Em carta aberta publicada no site da Apple nesta quinta-feira (29), Steve Jobs listou algumas das razões para não utilizar o Adobe Flash em aparelhos como o iPad ou iPhone.

O documento, intitulado “Toughts on Flash” (“Pensamentos sobre o Flash”) começa reconhecendo a “longa relação” entre as companhias. “Nós conhecemos os fundadores da Adobe quando eles ainda estavam em sua garagem. A Apple foi seu primeiro grande cliente, adotando sua linguagem Postcript em nossas então novas impressoras Laserwriter. A Apple investiu na Adobe e possuiu cerca de 20% da companhia por muitos anos”, escreveu Jobs.

Ele diz ainda que atualmente as companhias ainda trabalham juntas para servir seus clientes com interesses comuns – usuários de Mac compram cerca de metade dos produtos do Adobe Creative Suite, segundo Jobs.

Em seguida, vêm as críticas. O primeiro ponto listado é o fato de os produtos Adobe Flash serem 100% proprietários. “Nós realmente acreditamos que todos os padrões pertencentes à web deveriam ser abertos. Em vez de usar Flash, a Apple adotou o HTML5, CSS e JavaScript – todos padrões abertos”, afirmou Jobs.

Outro ponto destacado pelo líder da Apple é a segurança: “Recentemente, a Symantec destacou o Flash por possuir um dos piores recordes de segurança em 2009. Nós também sabemos em que o Flash é a razão número um para crash nos Macs”.

Jobs diz ainda que o Flash foi desenvolvido para computadores que usam mouse, não para telas sensíveis ao toque. “A maioria dos sites Flash precisará ser reescrita para suportar aparelhos baseados em tecnologia touch.

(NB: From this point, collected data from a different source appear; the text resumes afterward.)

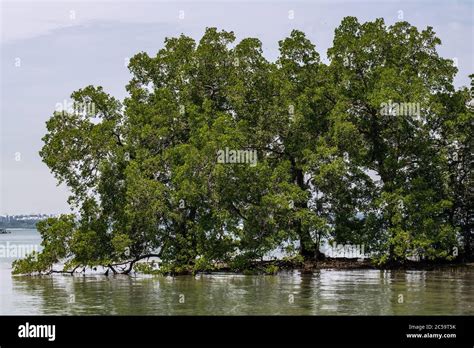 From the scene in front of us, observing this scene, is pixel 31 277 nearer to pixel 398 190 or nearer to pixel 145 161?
pixel 145 161

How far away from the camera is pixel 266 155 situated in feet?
158

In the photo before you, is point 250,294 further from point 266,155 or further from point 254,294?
point 266,155

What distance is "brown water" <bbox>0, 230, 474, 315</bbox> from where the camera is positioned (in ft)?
99.7

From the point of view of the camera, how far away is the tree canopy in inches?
1727

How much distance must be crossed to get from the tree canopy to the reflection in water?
2100mm

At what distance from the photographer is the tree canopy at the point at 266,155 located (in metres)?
43.9

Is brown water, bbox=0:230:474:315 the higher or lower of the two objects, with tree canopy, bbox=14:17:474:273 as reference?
lower

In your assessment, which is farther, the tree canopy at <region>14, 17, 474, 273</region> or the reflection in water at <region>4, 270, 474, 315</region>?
the tree canopy at <region>14, 17, 474, 273</region>

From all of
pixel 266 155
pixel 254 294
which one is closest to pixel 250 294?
pixel 254 294

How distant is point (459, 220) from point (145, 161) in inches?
763

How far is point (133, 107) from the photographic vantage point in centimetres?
4691

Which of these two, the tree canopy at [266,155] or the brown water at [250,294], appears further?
the tree canopy at [266,155]

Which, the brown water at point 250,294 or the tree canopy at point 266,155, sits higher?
the tree canopy at point 266,155
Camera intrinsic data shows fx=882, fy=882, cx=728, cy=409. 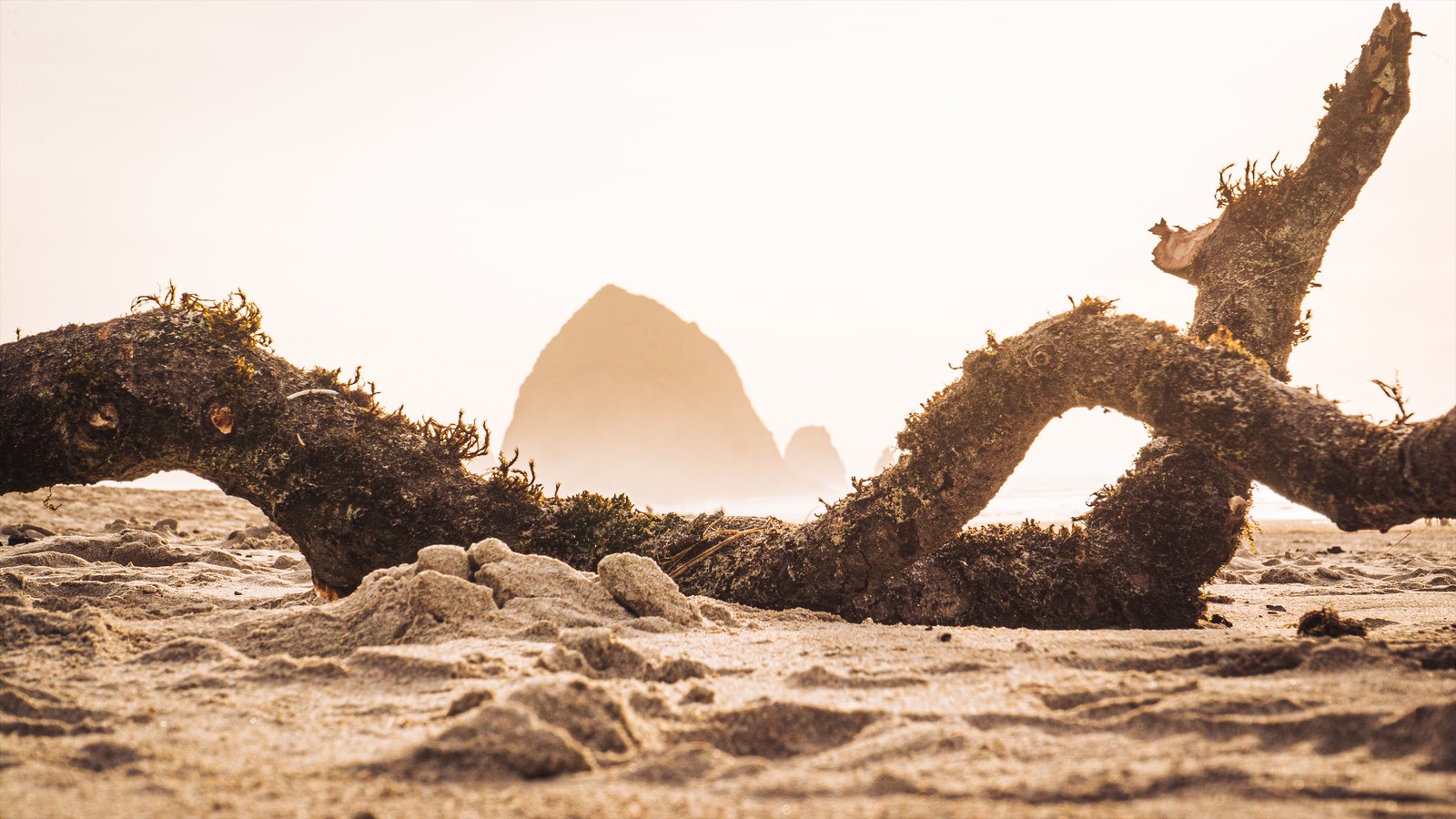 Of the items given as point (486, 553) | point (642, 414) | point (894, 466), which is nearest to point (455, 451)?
point (486, 553)

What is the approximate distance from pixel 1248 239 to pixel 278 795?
21.2 feet

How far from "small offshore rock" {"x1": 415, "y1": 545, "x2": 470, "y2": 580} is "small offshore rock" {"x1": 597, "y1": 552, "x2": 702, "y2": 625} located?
0.69 m

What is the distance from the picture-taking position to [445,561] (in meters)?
4.41

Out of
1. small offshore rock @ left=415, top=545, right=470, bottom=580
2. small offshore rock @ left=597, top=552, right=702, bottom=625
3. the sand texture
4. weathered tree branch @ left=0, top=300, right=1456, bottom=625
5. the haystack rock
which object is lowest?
the sand texture

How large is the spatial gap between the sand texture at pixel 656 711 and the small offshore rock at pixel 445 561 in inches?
0.7

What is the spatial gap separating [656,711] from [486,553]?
204 centimetres

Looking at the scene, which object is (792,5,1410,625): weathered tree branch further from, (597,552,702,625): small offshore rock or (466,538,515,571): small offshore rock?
(466,538,515,571): small offshore rock

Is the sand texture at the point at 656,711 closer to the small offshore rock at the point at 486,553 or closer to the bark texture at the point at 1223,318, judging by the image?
the small offshore rock at the point at 486,553

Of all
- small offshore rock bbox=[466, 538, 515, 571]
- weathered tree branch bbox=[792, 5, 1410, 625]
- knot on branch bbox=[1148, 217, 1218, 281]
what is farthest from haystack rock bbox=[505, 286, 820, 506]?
small offshore rock bbox=[466, 538, 515, 571]

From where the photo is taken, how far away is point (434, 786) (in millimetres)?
2287

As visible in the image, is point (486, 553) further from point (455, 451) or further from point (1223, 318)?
point (1223, 318)

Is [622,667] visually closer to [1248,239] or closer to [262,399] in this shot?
[262,399]

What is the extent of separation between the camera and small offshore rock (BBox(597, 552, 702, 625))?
14.5ft

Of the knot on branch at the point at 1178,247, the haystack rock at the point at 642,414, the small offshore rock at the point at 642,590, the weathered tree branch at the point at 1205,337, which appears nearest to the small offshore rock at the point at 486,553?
the small offshore rock at the point at 642,590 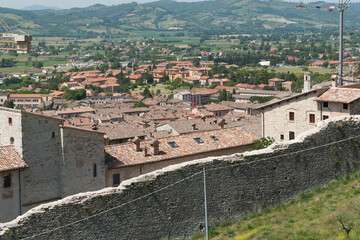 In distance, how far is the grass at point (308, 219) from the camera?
14.4 m

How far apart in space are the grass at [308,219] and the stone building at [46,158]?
11404 millimetres

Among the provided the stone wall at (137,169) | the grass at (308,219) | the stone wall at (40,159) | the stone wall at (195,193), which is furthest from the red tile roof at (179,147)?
the grass at (308,219)

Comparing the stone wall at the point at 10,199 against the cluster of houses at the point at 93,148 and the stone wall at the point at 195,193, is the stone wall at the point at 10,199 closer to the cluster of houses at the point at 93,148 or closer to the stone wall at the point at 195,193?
the cluster of houses at the point at 93,148

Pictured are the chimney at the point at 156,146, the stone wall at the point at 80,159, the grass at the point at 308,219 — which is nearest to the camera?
the grass at the point at 308,219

Se os desenvolvedores precisam reescrever seus sites Flash, por que não usar tecnologias modernas como HTML5, CSS e JavaScript?”, questionou.

Ao final da carta, ele afirma que a era móvel é para aparelhos que consomem menos energia, interfaces de toque e padrões abertos de internet, “áreas em que o Flash é pequeno”. “A avalanche de aplicativos para aparelhos móveis da Apple demonstra que o Flash não é mais necessário para assistir a vídeos ou consumir qualquer tipo de conteúdo para web. Novos padrões abertos criados na era móvel, como o HTML5, irão triunfar em aparelhos móveis (e PCs também)”, resumiu Jobs.

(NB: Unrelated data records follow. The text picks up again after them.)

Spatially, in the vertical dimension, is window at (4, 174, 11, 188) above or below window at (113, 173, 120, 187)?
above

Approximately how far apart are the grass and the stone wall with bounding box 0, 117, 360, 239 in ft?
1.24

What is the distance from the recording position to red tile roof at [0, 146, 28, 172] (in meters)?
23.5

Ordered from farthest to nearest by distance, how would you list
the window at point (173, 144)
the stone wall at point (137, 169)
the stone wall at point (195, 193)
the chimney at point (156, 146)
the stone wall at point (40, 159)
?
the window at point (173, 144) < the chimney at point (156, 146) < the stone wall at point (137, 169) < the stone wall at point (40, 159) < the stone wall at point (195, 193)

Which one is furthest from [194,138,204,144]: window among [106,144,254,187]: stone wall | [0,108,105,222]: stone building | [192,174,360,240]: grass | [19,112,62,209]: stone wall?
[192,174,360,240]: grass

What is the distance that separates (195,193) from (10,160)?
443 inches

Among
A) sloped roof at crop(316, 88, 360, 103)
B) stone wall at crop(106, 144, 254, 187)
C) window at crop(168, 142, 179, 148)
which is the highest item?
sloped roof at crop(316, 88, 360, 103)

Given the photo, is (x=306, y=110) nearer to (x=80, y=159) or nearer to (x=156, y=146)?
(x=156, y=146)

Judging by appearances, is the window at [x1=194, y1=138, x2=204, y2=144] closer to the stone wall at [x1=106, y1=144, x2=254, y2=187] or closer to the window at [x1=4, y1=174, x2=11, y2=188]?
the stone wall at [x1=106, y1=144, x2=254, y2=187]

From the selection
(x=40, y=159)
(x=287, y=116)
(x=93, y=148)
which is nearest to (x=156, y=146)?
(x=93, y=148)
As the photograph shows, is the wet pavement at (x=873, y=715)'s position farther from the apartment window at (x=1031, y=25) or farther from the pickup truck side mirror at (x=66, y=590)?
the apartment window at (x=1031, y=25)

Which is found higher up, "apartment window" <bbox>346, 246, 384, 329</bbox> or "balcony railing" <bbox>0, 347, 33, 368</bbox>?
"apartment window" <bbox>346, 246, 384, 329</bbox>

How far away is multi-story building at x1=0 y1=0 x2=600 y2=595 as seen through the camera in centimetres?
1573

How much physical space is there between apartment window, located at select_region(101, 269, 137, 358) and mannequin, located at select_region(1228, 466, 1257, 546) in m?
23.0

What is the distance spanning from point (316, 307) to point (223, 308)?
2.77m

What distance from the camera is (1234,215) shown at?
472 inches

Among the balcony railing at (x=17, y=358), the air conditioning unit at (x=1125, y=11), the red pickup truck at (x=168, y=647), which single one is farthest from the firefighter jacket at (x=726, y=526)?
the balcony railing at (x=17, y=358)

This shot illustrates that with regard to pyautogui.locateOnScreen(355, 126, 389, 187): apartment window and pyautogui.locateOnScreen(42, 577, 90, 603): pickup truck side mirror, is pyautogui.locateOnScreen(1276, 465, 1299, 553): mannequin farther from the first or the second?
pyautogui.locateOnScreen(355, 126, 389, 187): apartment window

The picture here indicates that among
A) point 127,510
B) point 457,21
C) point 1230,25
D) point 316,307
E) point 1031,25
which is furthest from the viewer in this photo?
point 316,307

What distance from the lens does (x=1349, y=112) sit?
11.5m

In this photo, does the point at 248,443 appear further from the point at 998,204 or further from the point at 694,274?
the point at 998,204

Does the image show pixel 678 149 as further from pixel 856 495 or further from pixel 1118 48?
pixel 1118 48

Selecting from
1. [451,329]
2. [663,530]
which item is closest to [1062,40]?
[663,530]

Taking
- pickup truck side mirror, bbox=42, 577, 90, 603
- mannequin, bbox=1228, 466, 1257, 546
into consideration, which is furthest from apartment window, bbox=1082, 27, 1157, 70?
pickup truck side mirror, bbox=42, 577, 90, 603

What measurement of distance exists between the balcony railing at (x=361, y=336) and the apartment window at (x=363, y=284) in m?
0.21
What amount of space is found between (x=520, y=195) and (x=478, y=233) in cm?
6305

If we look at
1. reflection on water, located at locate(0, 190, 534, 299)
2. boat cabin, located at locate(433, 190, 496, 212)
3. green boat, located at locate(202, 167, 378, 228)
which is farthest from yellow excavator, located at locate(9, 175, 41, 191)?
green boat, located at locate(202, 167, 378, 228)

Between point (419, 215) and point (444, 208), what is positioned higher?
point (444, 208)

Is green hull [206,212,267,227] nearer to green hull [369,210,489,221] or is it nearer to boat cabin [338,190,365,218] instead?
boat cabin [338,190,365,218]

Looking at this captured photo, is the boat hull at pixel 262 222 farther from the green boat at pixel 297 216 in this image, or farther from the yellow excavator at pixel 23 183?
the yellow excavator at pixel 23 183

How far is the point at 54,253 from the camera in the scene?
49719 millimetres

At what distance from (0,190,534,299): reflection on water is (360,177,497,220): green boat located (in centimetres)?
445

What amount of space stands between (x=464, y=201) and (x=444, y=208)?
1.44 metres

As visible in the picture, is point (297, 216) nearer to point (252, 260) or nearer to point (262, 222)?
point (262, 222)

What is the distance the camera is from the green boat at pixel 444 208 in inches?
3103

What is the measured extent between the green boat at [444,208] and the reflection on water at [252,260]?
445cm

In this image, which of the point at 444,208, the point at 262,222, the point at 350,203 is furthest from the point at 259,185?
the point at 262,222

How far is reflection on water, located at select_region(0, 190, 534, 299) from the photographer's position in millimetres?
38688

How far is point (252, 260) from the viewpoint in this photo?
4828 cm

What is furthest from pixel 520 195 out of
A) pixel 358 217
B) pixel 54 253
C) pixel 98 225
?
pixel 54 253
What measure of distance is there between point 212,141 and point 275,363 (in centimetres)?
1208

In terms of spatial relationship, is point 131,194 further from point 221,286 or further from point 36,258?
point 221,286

Shantanu Narayen responde críticas

Em entrevista ao jornal “The Wall Street Journal”, o CEO da Adobe, Shantanu Narayen, respondeu as críticas feitas por Jobs. Ele riu da ideia de o Flash ser considerado fechado. “Flash é uma especificação aberta”, disse.

Em resposta à “razão mais importante” de Jobs, o desejo da Apple de não ter nenhum intermediário entre seus desenvolvedores e o iPhone, iPod Touch e iPad, Narayan apontou para 100 aplicativos já criados em Flash e aprovados para a App Store. No entanto, não comentou o ponto de Jobs, de que embora seja mais fácil para desenvolvedores, ele criaria uma barreira no sentido da implementação de integração entre plataformas.

Para Narayen, a carta aberta de Jobs foi apenas uma “cortina de fumaça”. As restrições da Apple não teriam “nada a ver com tecnologia”.